Suddenly, it’s 1966 all over again. The Beatles are riding high in the hit parade. Twiggy and her miniskirts are all the rage. And, just to underline the unexpected temporal shift, England and Germany are playing each other in the World Cup.

As it was in London 44 years ago, so it was in Bloemfontein on Sunday afternoon.

History, it appears, does repeat itself, but always with a twist.

Back then, it was Geoff Hurst’s shot that thundered against German goalkeeper Hans Tilkowski’s crossbar, bounced down onto or over the line (take your pick) and the goal was allowed. The controversy over the call has raged ever since.

This time it was Frank Lampard’s shot for England that smacked into German goalkeeper Manuel Neuer’s crossbar, bounced down over the line (no question about that) and the goal was disallowed. The controversy will rage for decades.

Back then, England won the match, 4-2, after extra time. This time, Germany won the match in regulation, 4-1.

It was England’s worst-ever World Cup defeat and the umpteenth time in the last four-plus decades that it has been the Germans who have run roughshod over English hopes.

So, the Three Lions are heading home. The English tabloids are working themselves into a froth over the bad call by Uruguayan referee Jorge Larrionda and his assistants, and the Germans, not without a smirk or two, are going on to the quarterfinals.

They do so deservedly. They were younger, fitter, faster and smarter. They carried with them no preconceived ideas about their own worth, as the English players did, and they were better-coached.

Fabio Capello might have an impressive resume as a club coach, but he has not proved to be up to much as a national team coach. Qualifying is one thing, the World Cup itself is another. Capello’s World Cup record in South Africa? One win, one loss and two ties. Would he resign? “Absolutely not,” he said.

But Capello, who is earning a rather sizable stack of pound notes to turn England from a second- or now perhaps third-rate team on the international level into something respectable, is not solely to blame.

He can work only with players who have English passports, and the truth is they are simply not up to it. This so-called golden generation failed in 2002, failed again in 2006 and has now failed for the last time in 2010.

It is time to clean house, and the larger and more forcefully the broom is used the better.
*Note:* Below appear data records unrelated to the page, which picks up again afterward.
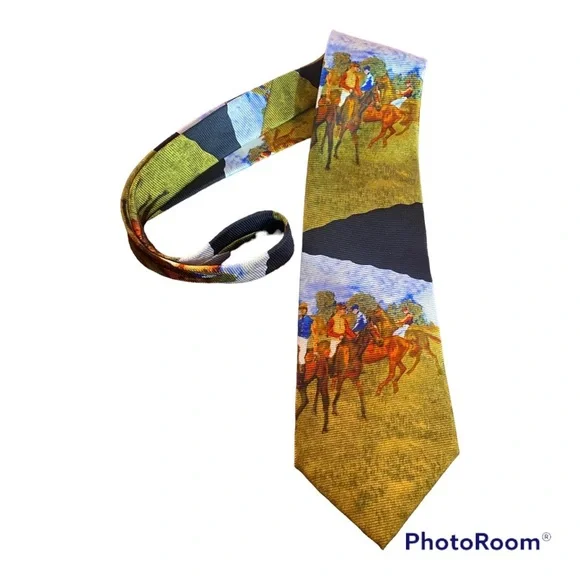 OPTIONS IN ART Men’s Necktie Degas, Race Horses by The Cleveland Museum of Art - Picture 6 of 6
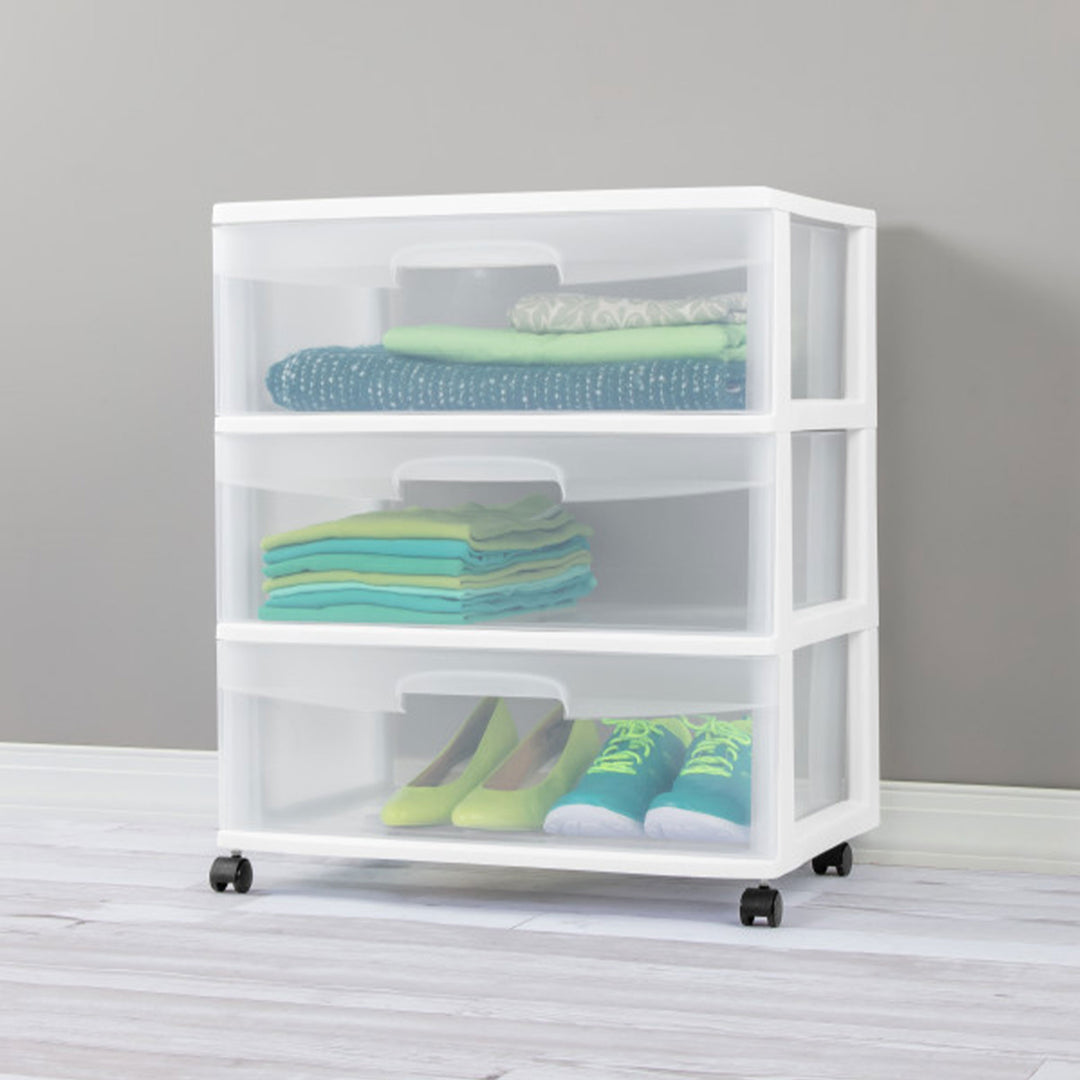 Sterilite Wide 3 Drawer Storage, Plastic Rolling Organization Cart, White Frame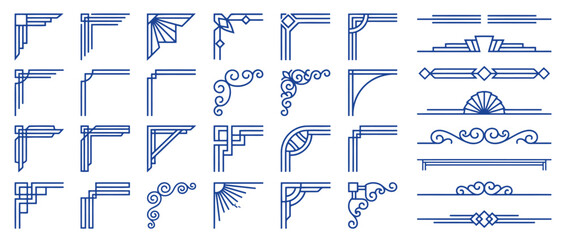 Premium set of art deco style corners and dividers collection of geometric border elements, linear frames, and elegant symmetrical designs for retro or modern graphic projects © Zhang Wei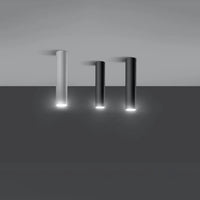 Plafondlamp Tube 30 – Wit & Staal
The sad truth of the matter is that England’s players, with few exceptions, are an arrogant, ignorant and unpleasant lot. They are paid far too much by their Premier League clubs, where their true allegiance lies, and their ability individually and collectively in an England shirt does not match their swagger.

It is not too much to say that the worthless and nationalistic English tabloids are reflected in the English team. It’s all about drinking, drugs, womanizing, gambling, fast cars and slow minds. Little England written large.

Consider, for just a moment, these sophomoric headlines from the gutter press in the days leading up to Sunday afternoon’s match at the Free State Stadium:

“Germans Wurst at Penalties.”

“Herr We Go Again.”

“Job Done, Now for the Hun.”

“Das Boot Is on the Other Foot.”

It’s pathetic. True, the German tabloids are just as bad, but at least Germany has a team. Was there one player on the field for England on Sunday with Mesut Ozil’s ability? Was there any English player to match Bastian Schweinsteiger or Thomas Mueller? Was there an England defender on the field at all?

So, maybe it is not 1966 all over again. It was a different generation back then, a different mind-set and a different scale of moral values.

After the humiliation, Capello blamed the referee and Lampard’s goal that went unseen by the useless referee and his out-of-position assistants. That would have tied it at 2-2 and perhaps, just perhaps, the game might have veered off in a different direction. German Coach Joachim Low agreed that it was a legitimate goal.

But the plain fact of the matter is that Germany was better-prepared, better-motivated, better tactically, better technically and better all round.

Of course, that probably will not matter two hoots when Lionel Messi, Carlos Tevez and the rest of the Argentine horde come calling in the quarterfinals in Cape Town on July 3.

That’s when Germany will find out how good it really is.